▸ **DATA EXTRACTS**:

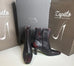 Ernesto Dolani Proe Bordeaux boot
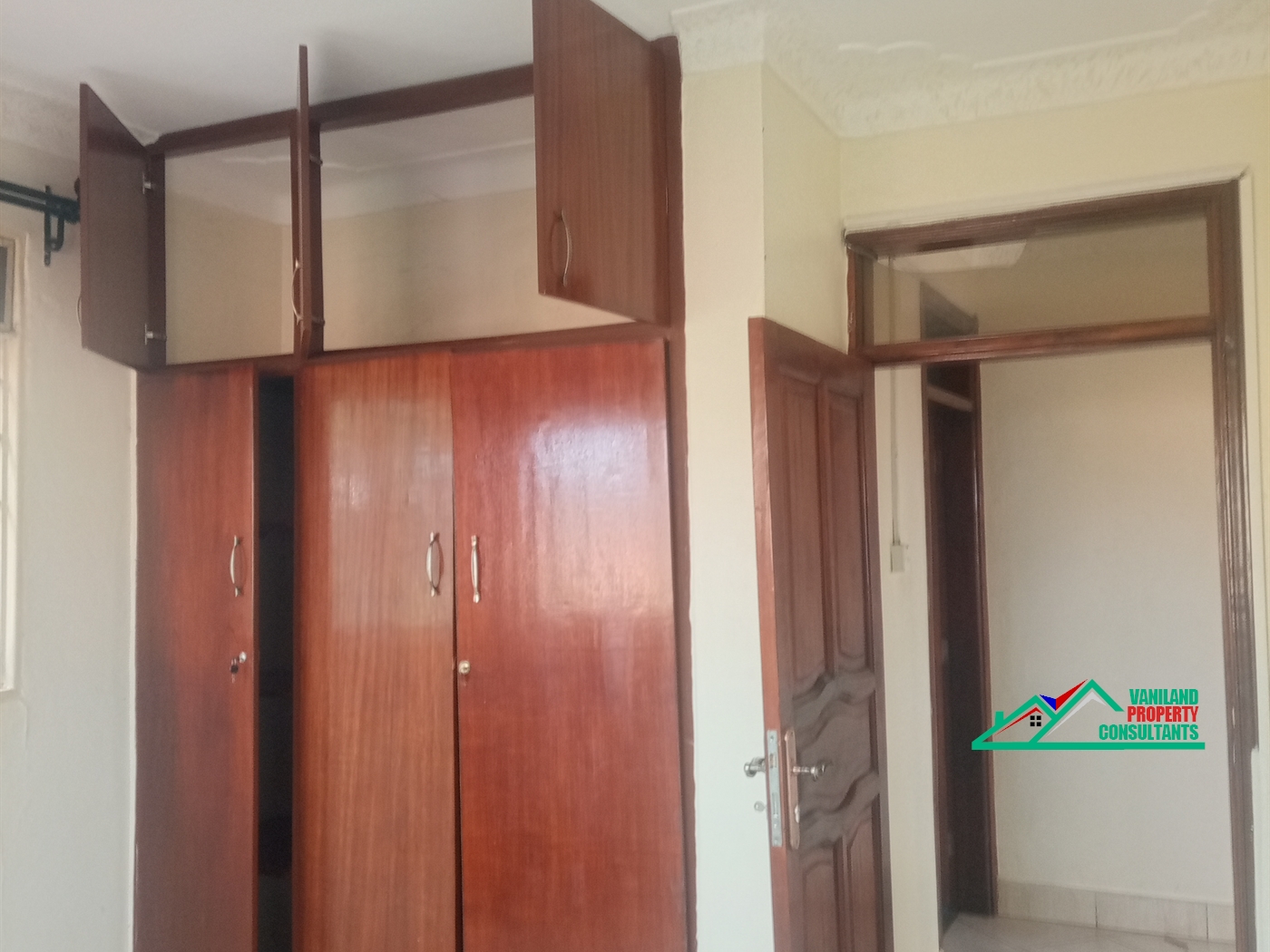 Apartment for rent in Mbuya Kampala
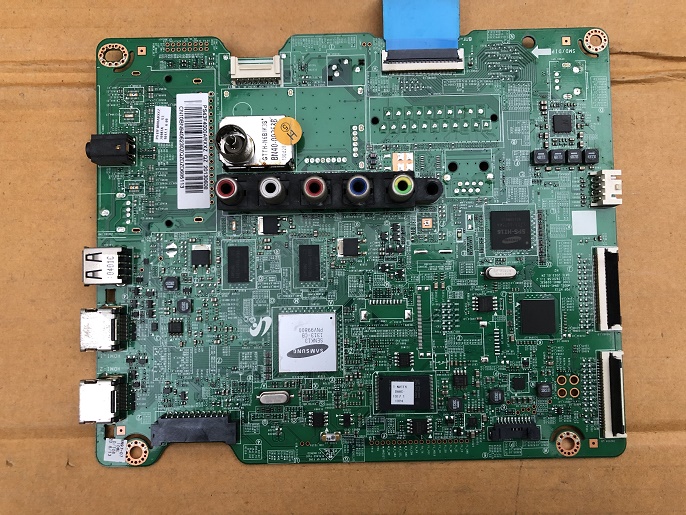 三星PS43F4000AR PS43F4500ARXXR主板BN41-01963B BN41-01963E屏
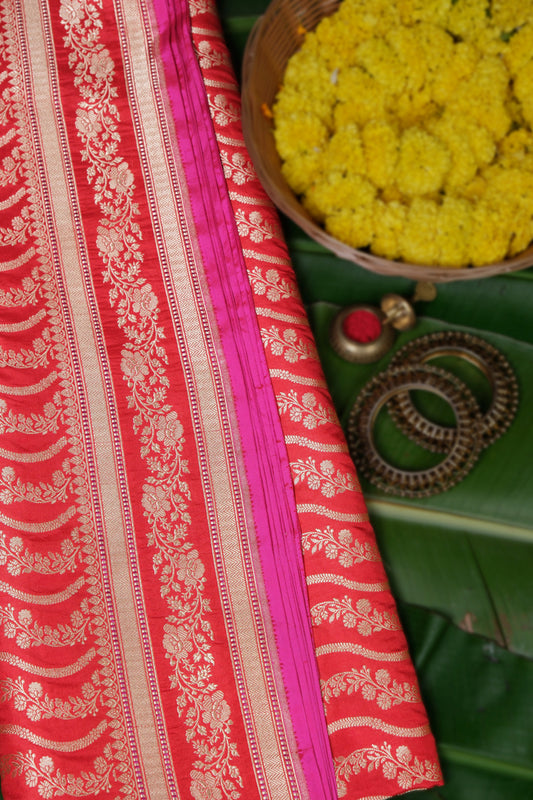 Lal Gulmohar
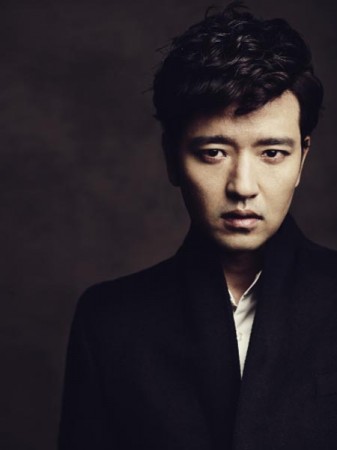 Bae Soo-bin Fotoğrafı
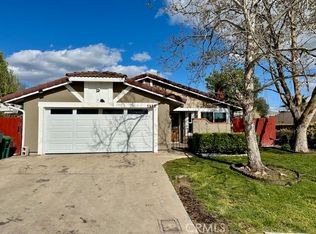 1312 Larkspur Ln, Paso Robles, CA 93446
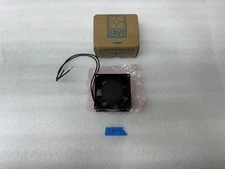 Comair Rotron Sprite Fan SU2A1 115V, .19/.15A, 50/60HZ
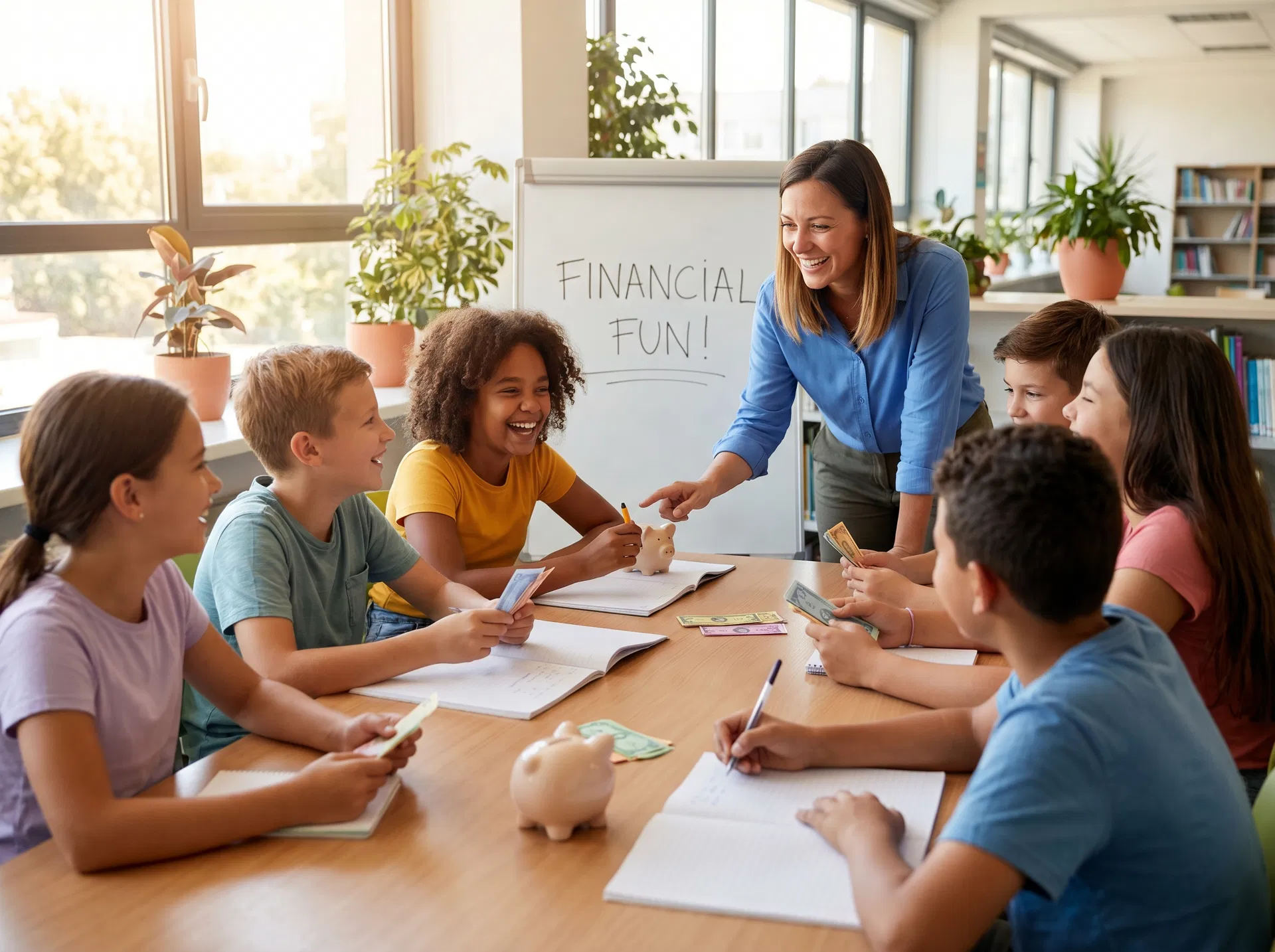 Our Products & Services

---

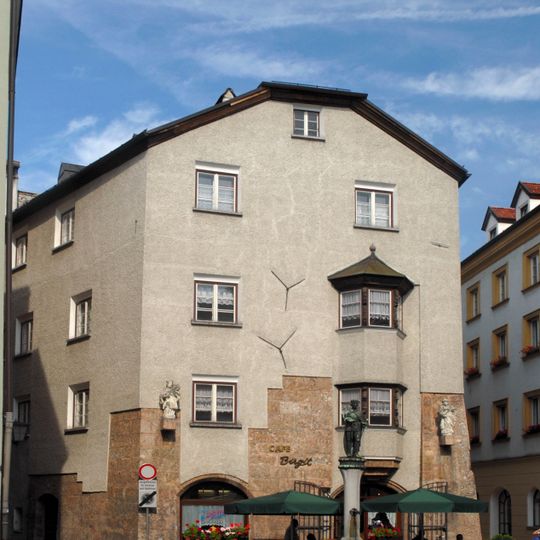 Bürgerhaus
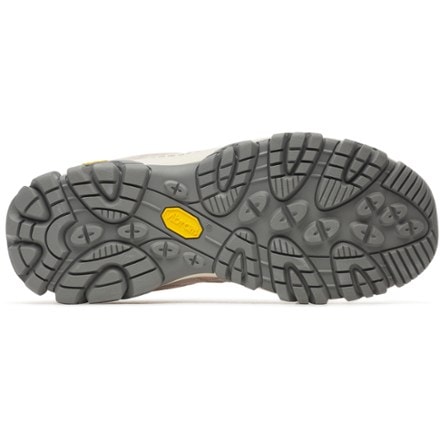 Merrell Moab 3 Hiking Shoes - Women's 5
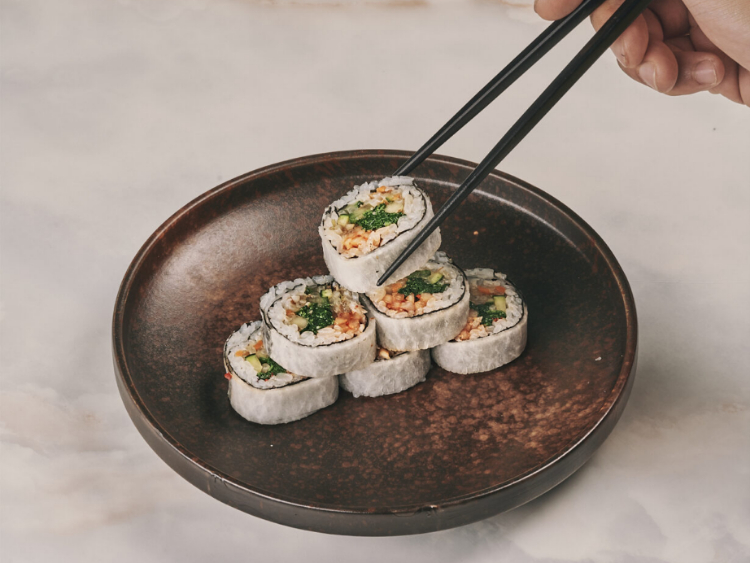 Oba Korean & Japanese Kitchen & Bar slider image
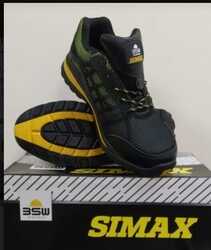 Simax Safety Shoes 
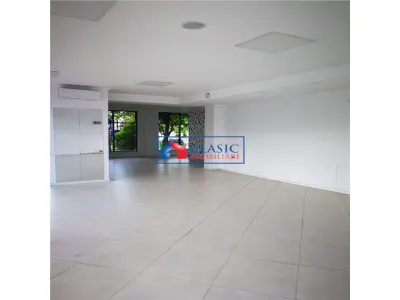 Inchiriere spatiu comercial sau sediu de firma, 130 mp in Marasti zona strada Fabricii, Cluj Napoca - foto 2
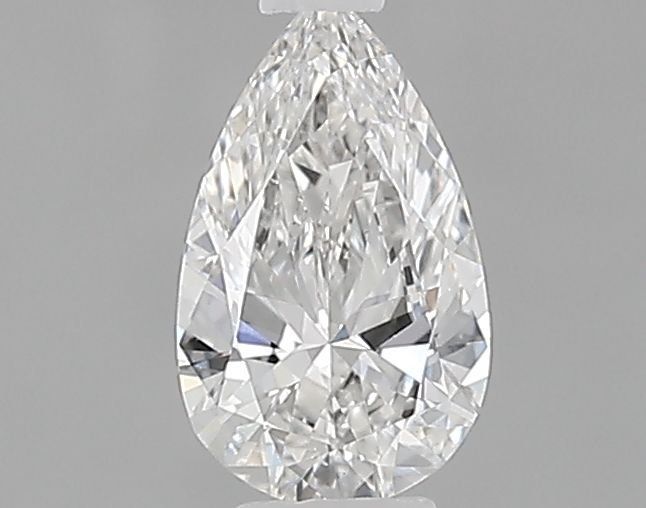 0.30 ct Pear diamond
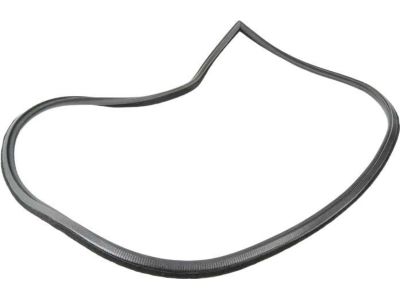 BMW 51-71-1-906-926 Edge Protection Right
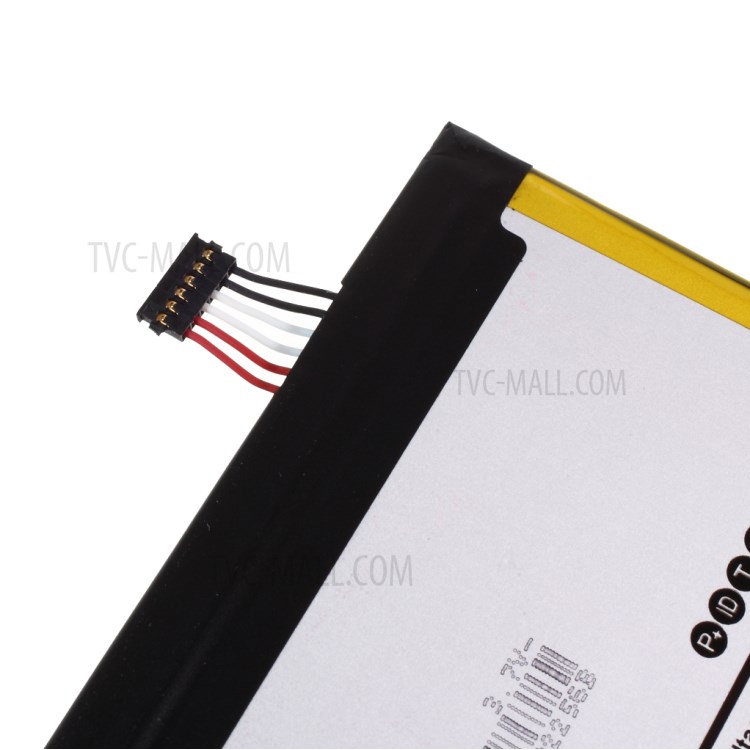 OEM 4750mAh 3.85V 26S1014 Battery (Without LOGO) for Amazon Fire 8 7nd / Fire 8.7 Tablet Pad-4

▸ **YOUR INSTRUCTIONS**: Reproduce the entries exactly, from the line with "Inchiriere spatiu comercial" to the line with "BMW 51-71-1-906-926 Edge Protection Right", both lines included, keeping no pictures.

▸ **WRITTEN RESPONSE**:
 Inchiriere spatiu comercial sau sediu de firma, 130 mp in Marasti zona strada Fabricii, Cluj Napoca - foto 2
 0.30 ct Pear diamond
 BMW 51-71-1-906-926 Edge Protection Right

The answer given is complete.